2020 journal article

Effect of Poly(vinyl butyral) Comonomer Sequence on Adhesion to Amorphous Silica: A Coarse-Grained Molecular Dynamics Study

ACS APPLIED MATERIALS & INTERFACES, 12(42), 47879–47890.

By: C. Walker n, J. Genzer n & E. Santiso n

author keywords: polymer adsorption; silica; copolymer sequences; coarse-graining; molecular dynamics
TL;DR: An unexpectedly complex relationship between blockiness parameter and adhesion energy is discovered for intermediate vinyl alcohol (VA) content; adhesion strength to the silica slab was found to be maximal not for diblockCopolymers, but rather random-blocky copolymers with a moderately high degree of blockiness. (via Semantic Scholar)
UN Sustainable Development Goal Categories
Source: Web Of Science
Added: December 21, 2020

Modulating a comonomer sequence, in addition to overall chemical composition, is the key to unlocking the true potential of many existing commercial copolymers.

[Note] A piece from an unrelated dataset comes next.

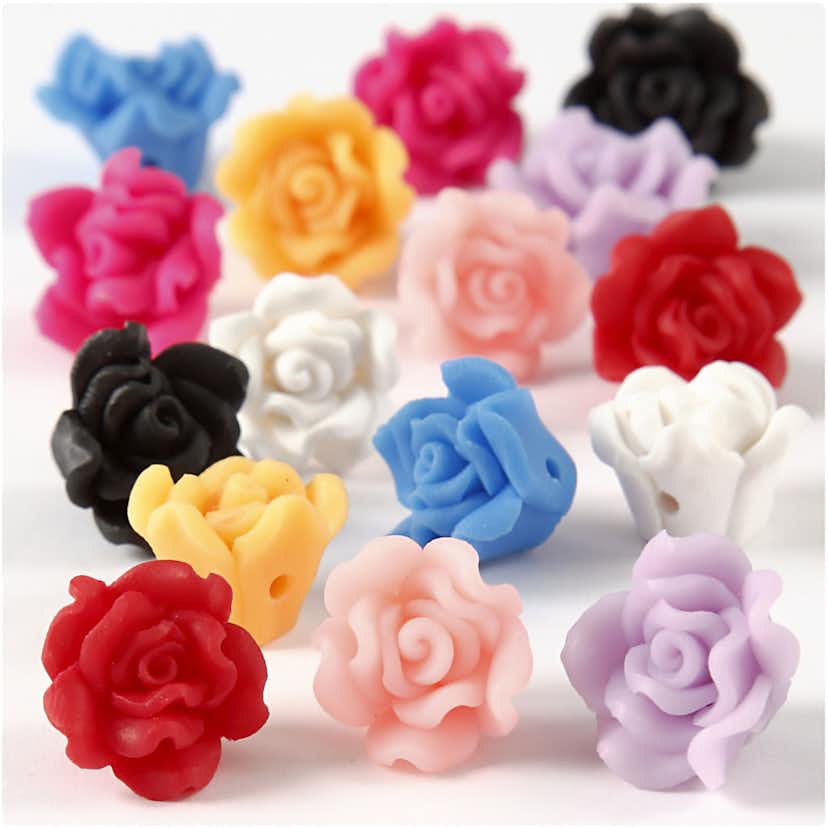 Clay Roses Creativ Company Mixade Färger D 16x10 mm Hålstl 0,5 mm 16 Mix/1 Sträng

We employ coarse-grained molecular dynamics (MD) simulations to study the behavior of random-blocky poly(vinyl butyral-co-vinyl alcohol) (PVB) melts in contact with an amorphous silica surface, representing the interface found in laminated safety glass. Our two-pronged coarse-graining approach utilizes both macroscopic thermophysical data and all-atom molecular dynamics simulation data. Polymer-polymer nonbonded interactions are described by the fused-sphere SAFT-γ Mie equation of state, while bonded interactions are derived using Boltzmann inversion to match bond and angle distributions from all-atom PVB chains. Spatially-dependent polymer-surface interactions are mapped from a hydroxylated all-atom amorphous silica slab model and all-atom monomers to an external potential acting on the coarse-grained sites. We ran a series of interfacial coarse-grained MD simulations for PVB melts, systematically varying overall chemical composition and block length distribution. We discovered an unexpectedly complex relationship between blockiness parameter and adhesion energy. For intermediate vinyl alcohol (VA) content, adhesion strength to the silica slab was found to be maximal not for diblock copolymers, but rather random-blocky copolymers with a moderately high degree of blockiness. We attribute this to two main factors: (1) changes in morphology, which dramatically alter the number of VA beads interacting with the surface, and (2) a non-negligible contribution of vinyl butyral (VB) monomers to adhesion energy, due to their preference to adsorb to zones with low hydroxyl density on the silica surface.